La trama narra las trepidantes peripecias que vive un
muchacho llamado Richard Shelton al descubrir que su tutor, sir Daniel Brackley
—tan valiente como mendaz, navegando continuamente entre dos aguas y sin dudar
un momento en cambiar de bando si eso lo favorece: otra especie de Long John
Silver—, el hombre que lo ha criado y educado desde la muerte de su padre, en
realidad fue el responsable del asesinato de éste. El enfrentamiento entre
Shelton y Brackley tiene lugar justo cuando el mocetón acaba de descubrir el
amor, en la persona de otra joven huérfana y de buena cuna, asimismo pieza
indefensa de su malvado tutor, y el autor reúne a su pareja protagonista
mediante un ingrediente propio de un folletín pulp o de una película de la entrañable serie B de Hollywood: el
muchacho conoce a Joanna Sedley disfrazada bajo ropas masculinas, huyendo ambos
de múltiples peligros, sin que el atolondrado joven descubra el engaño durante
un buen tramo de la historia.
Trato de resumir la novela y evocar las claves de la
historia, y solo siento deseos de abandonar mi pluma (no seamos cursis: el
teclado de mi ordenador) y lanzarme a recorrer de nuevo sus avatares. Porque La flecha negra hechiza por la que sigue
pareciéndome, después de toda una vida de lector, la mayor virtud de cualquier
escritor: hacer que el lector recorra cada página con la ansiedad de querer
saber qué va a pasar a continuación. Ahora bien, y como señalaba renglones
arriba, ligereza narrativa no equivale a trivialidad dramática. Como en La isla del tesoro, lo que hace
Stevenson es dibujar un proceso de maduración personal a cargo de un muchacho
un poco mayor que el Jim Hawkins de ese libro, pero al que caracteriza
igualmente la firme insolencia y la egoísta intrepidez que nos caracteriza a
los seres humanos cuando comenzamos nuestro asalto a la presunta edad adulta.

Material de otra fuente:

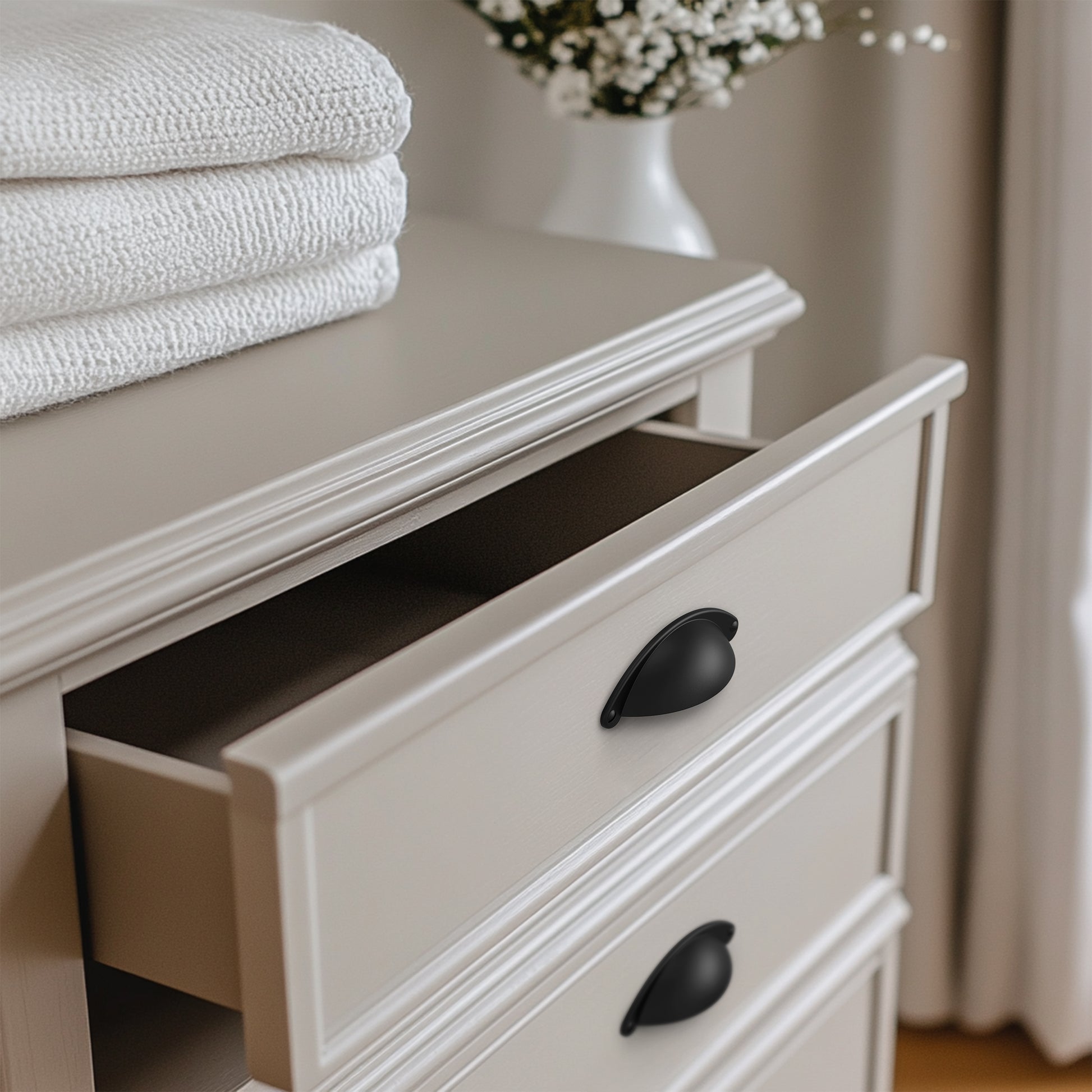 Classic Bin Cup Drawer Pull HESTIA HARDWARE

Como un dios inexperto que considera que su voluntad ha de ejecutarse sin
necesidad de reflexión, Richard Sheldon hará cuanto esté en su mano para
conseguir a la bella Joanna y burlar los designios de sir Daniel, descubriendo
(demasiado tarde, como suele suceder) que la violencia no es un juego inocuo:
que sus actos, por nobles que sean sus motivaciones se han cobrado víctimas o
arruinado vidas. En esa capacidad de Stevenson para hacer de la aventura una
fiesta sin eludir su dimensión más oscura se halla la clave moral del autor y
es lo que lo convierte en mucho más que un mero autor de gráciles peripecias.